Greetings again from the darkness. Dementia and/or Alzheimer’s Disease have touched most every family by now; a fact that works to the detriment of this film from writer-director Jay Giannone and co-writers Erich Hover and Eric Watson. The opening screen informs us that it’s based on a true story, and in fact, it’s actually similar to countless family stories around the globe. Of course, this doesn’t minimize the stress and strain and frustration and pain that this causes for family and friends, and it likely helps some understand that they aren’t alone in this battle.
Dating back to the 1970 TV series “Mission: Impossible”, and her 1980’s movie work (VICTOR VICTORIA, the excellent CHOOSE ME, and classic CLUE), Lesley Ann Warren has long been one of my favorite actors, and here she again shows her feel for the material and each scene she’s a part of. She plays Anne, wife of Paul (an excellent Brett Cullen, Thomas Wayne in JOKER), and mother of three sons: Tony (played by director Jay Giannone), Art (Sterling Knight), and Jesse (writer Erich Hover). The story picks up with Jesse coming back home to Omaha for a visit after moving to Los Angeles for work and adventure. Dad is late picking him up from airport, but mom is thrilled to see Jesse. Brother Art recently dropped out of college, and brother Tony is just so busy, it’s hard for him to find time.

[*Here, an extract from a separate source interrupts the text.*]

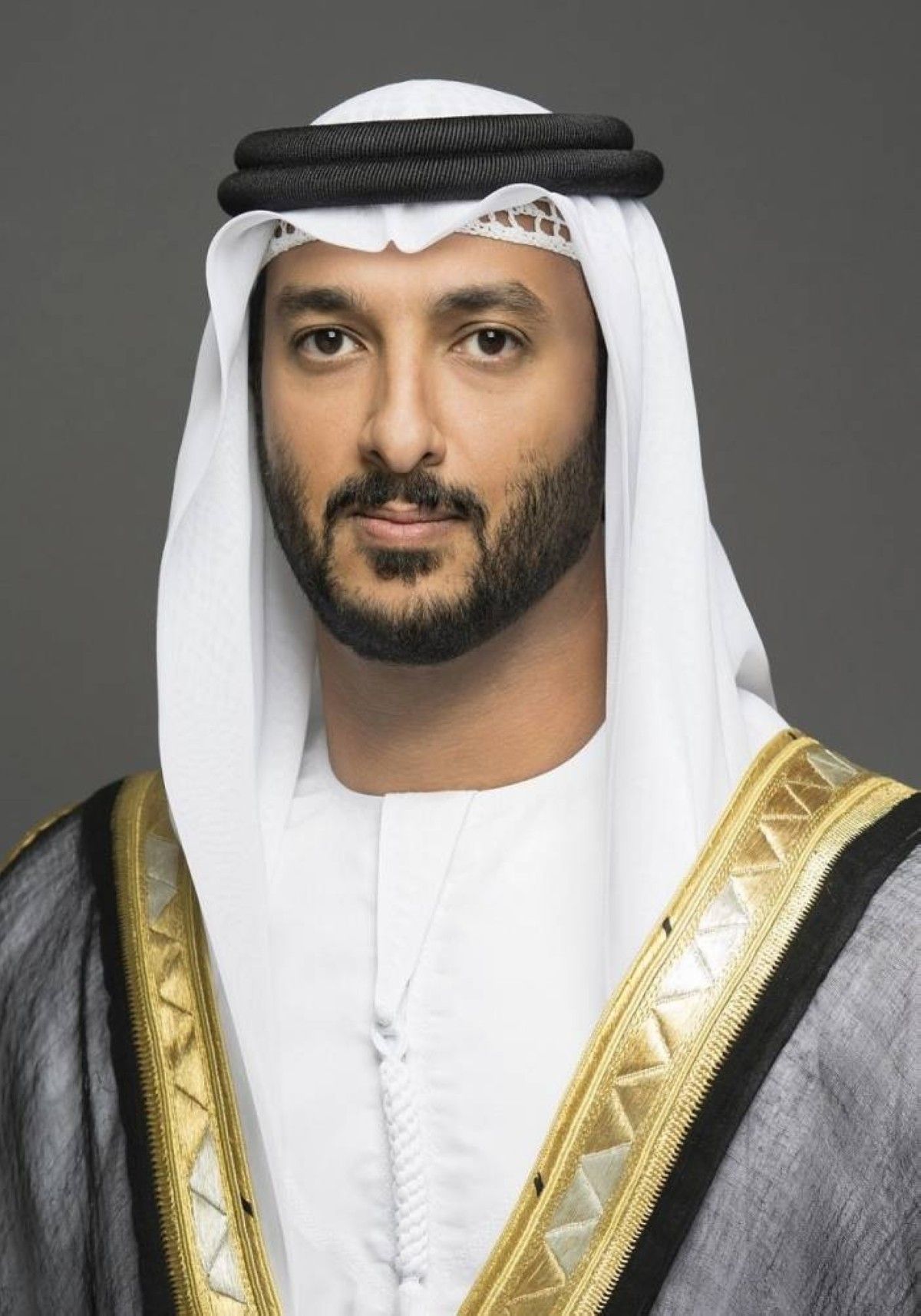 الإمارات تشارك في الاجتماع الـ 70 للجنة التعاون التجاري الخليجي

It’s immediately obvious to Jesse that something is off with dad, though everyone else just seems oblivious or accepting of his diminishing abilities each time dad answers with his favorite line, “I’m fine.” Denial is, of course, an easy initial response and obvious issue for loved ones, and mother Anne puts on an optimistic front with an ever-present smile … all while living in fear of losing her life partner. Once Jesse forces the family to discuss the situation and have dad properly evaluated, the finger-pointing commences, until acceptance can be found … all natural steps in the process.
Jesse tries to find common ground with his father via an old pickup truck and they take a fishing trip as a final hurrah. Again, all understandable reactions, while not necessarily being the wisest. There is nothing especially wrong with the film, although a stronger actor in the Jesse role could have helped, but mostly it plays like a film that should have been made 30 years ago when information on dementia was a bit more difficult to come by. Today, we look at this family and can’t help but judge them for not reacting sooner to keep the dad safe and reduce their own stress. Jesse’s relationship challenges (an underutilized Taryn Manning) seem misplaced and over-simplified, but we do witness what is possibly the worst on screen bar fight in the history of cinema. It’s the clips at the end that sober us up quickly … home movies of a vacant-eyed dad holding his first grandchild. Does he even know who he’s holding? We can’t be sure, but that’s the horror of this disease.